Research centers, facilities & equipment

Chemistry research centers enable faculty and their student teams to engage in ongoing interdisciplinary projects, funded in part by federal grants and foundation support.

Center for Computational Biology and Bioinformatics

The Center for Computational Biology and Bioinformatics brings world-class, cutting-edge research in these areas to Indiana with special emphasis on the problems of identifying the functions and structures of various protein entities in a manner that stimulates both academic and commercial collaborations.

Visit the Center for Computational Biology and Bioinformatics for more information.

Director:

Keith Dunker, Ph.D., IU School of Medicine

Center for Structural Biology

The Center for Structural Biology is a multi-disciplinary center for experimental investigations designed to examine the structural and functional characteristics of biological macromolecules and how these changes in these properties relate to specific diseases. Projects currently under investigation are examining the underlying mechanisms for alcoholism, cancer, diabetes, liver and heart disease.
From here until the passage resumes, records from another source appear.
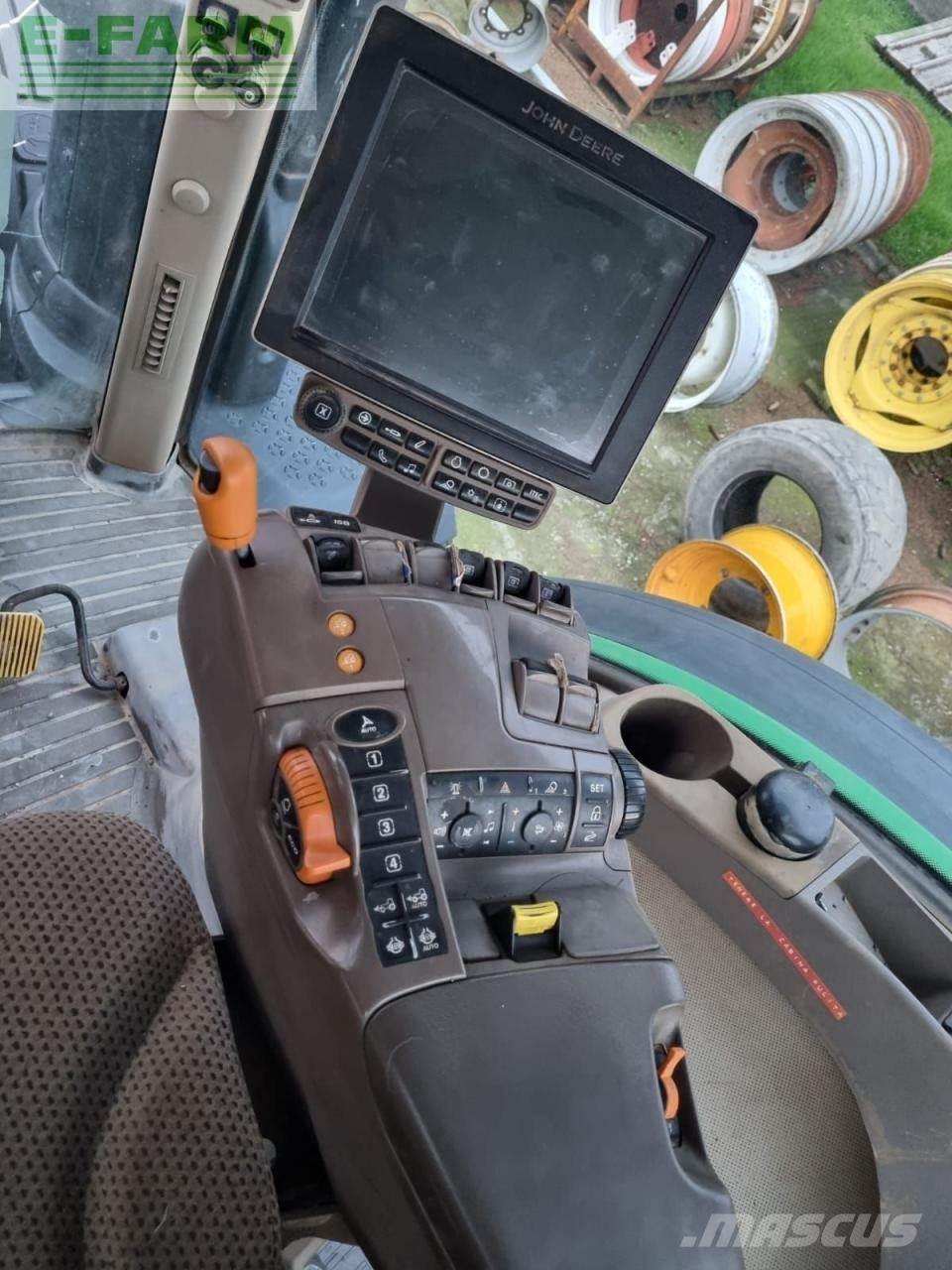 John Deere 8245 R Traktorok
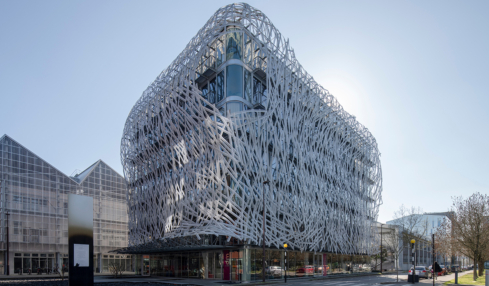 «Air» von Rolf Julius in Nantes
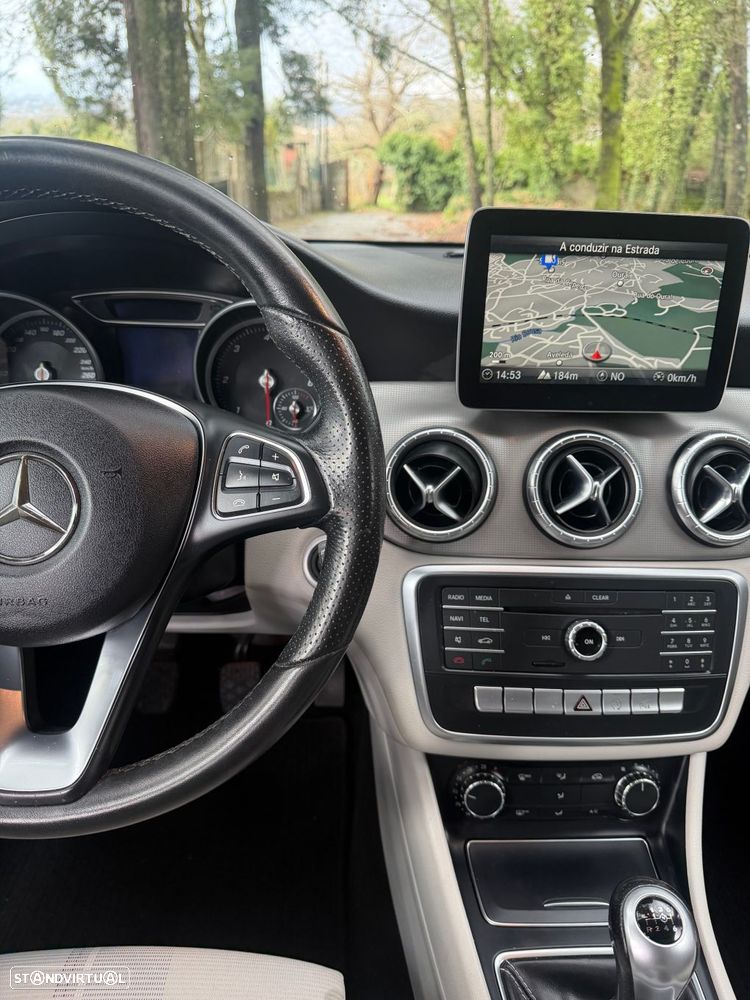 Mercedes-Benz CLA 180 d Shooting Brake Urban - 23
Visit the Center for Structural Biology site for more information.

Chemical Synthesis and Organic Drug Lead Development

Given the increased demand for customized chemical syntheses of drug leads and biological probes on the IUPUI campus, the Department of Chemistry & Chemical Biology of the School of Science has joined forces with the IU Simon Cancer Center to create a core facility for Chemical Synthesis & Organic Drug Lead Development to expedite the translational research and drug development efforts of cancer researchers.

The goal of the Synthetic Core is to support the synthetic and medicinal chemistry needs of IUSCC investigators as well as other academic entities within IUPUI and throughout the state; the core is also available to the broader life sciences industrial community of central Indiana and elsewhere on a contract basis.

Visit IU Simon Cancer Center website to learn more.


Director: Eric C. Long, Ph.D.

Director of Synthesis: Tax M. Georgiadis, Ph.D.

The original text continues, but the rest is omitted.